Versatile, aesthetically ambiguous and cultish in its appeal, chenin blanc is the Tilda Swinton of grapes

My wine consultant friend, Ruth Osborne, often wears a cap embroidered with the words “chenin blanc”. As someone who is proud to include hats from Toad bakery and Celine Dion’s 2017 UK tour in her collection, I know all about headwear as a signifier of personal brand, and Ruth isn’t the only person in the business to extol the virtues of chenin. But why?

Chenin blanc shape-shifts with soil and climate perhaps more than any other grape, and it is this chameleon quality that sets wine enthusiasts aflutter, as does the fact that it’s a late-ripening variety with good acidity, so lends itself to a whole spectrum of profiles, from dry to sweet. Versatile, aesthetically ambiguous and, as my friend’s hat testifies, cultish in its appeal, it is the Tilda Swinton of grapes.
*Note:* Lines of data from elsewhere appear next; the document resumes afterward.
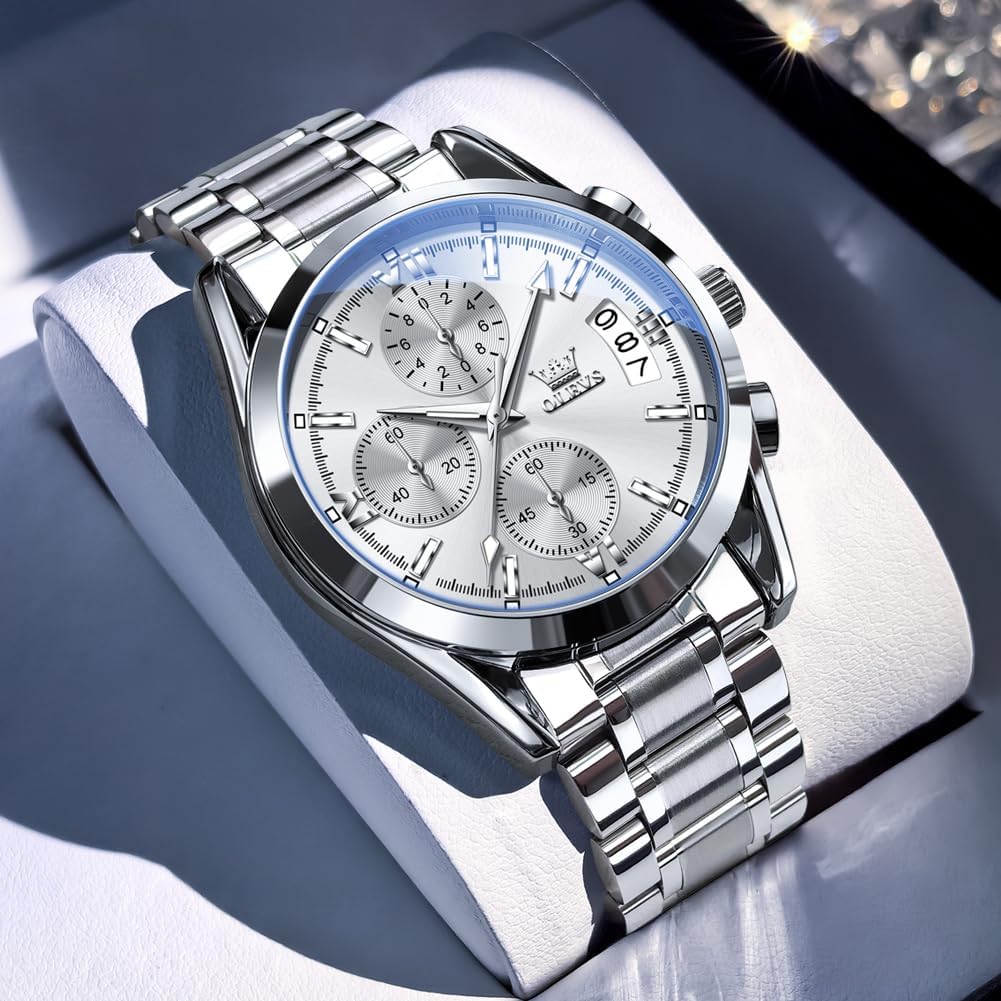 OLEVS Watches for Men Luxury Analog Waterproof Stainless Steel Casual Big Face Chronograph Classic Fashion Roman Numeral Quartz Date Men's Wrist Watches Reloj para Hombre - Image 8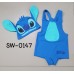 SW0147 ชุดว่ายน้ำเด็กแฟนซีแขนกุดแบบบอดี้สูท ลายสติชท์ Stitch พร้อมหมวกว่ายน้ำ (2ชิ้น) S.90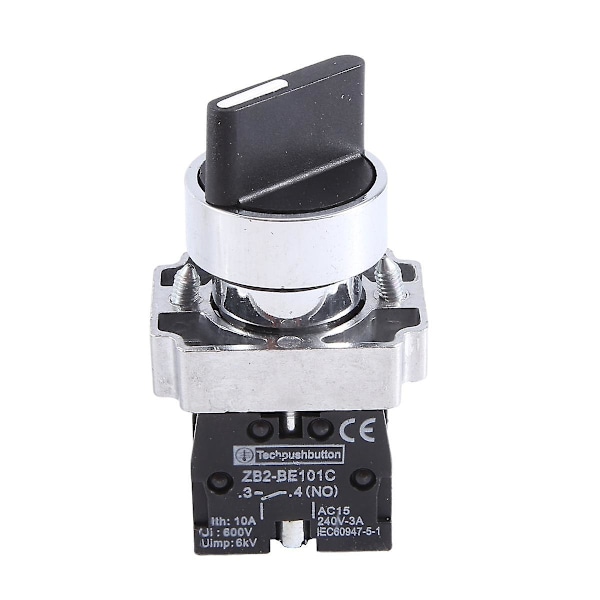 22mm Latching 2 NO 3-Position Rotary Selector Select Switch ZB2-BE101C Svart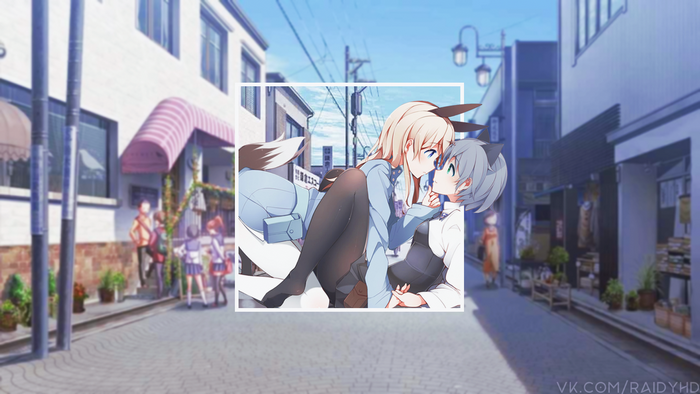 Anime girls in a street scene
With up to 35,000 hectares of the stuff planted worldwide, it is a global grape, too. But, unlike the leading players such as chardonnay and cabernet sauvignon, chenin is associated with very defined areas. In South Africa, which grows more than half the world’s crop, it runs the gamut from mass-produced and affordable to premium and terroir-driven. France, meanwhile, has about a third of the world’s chenin vines, over 90% of them in the Loire valley; there are also small parcels in the US, Australia and South America, though you might struggle to find much in common between them beyond being broadly definable as “white wine”.

Take the Loire, where the appellations of Vouvray and Savennières sit just 80 miles apart, but produce chenins that are chalk and cheese (or, rather, chalk and schist – the rocks that characterise their respective soil types and, in turn, the flavours of the wines they produce). Savennières is associated with bone-dry, mineral and grapefruit-y wines, and Vouvray more for its richer, pear-ish notes – and for wines that vary dramatically in sweetness, which renowned American wine merchant Kermit Lynch describes “as a complete little cosmos of wines ranging from gay to profound”. Marks & Spencer’s Clos de Nouys Vouvray (£14, 12.5%) is one example of the former, while winemaker Peter Hahn’s otherworldly Clos de la Meslerie Vouvray Sec (see today’s pick) is all golden quince, mineral and, yes, utterly profound. In between the two, look out for Catherine and Pierre Breton, one of the larger natural wine producers in the Loire – all their whites are vouvrays, including the delicious La Dilettante Brut sparkling (£21.85 Vinum, 13%).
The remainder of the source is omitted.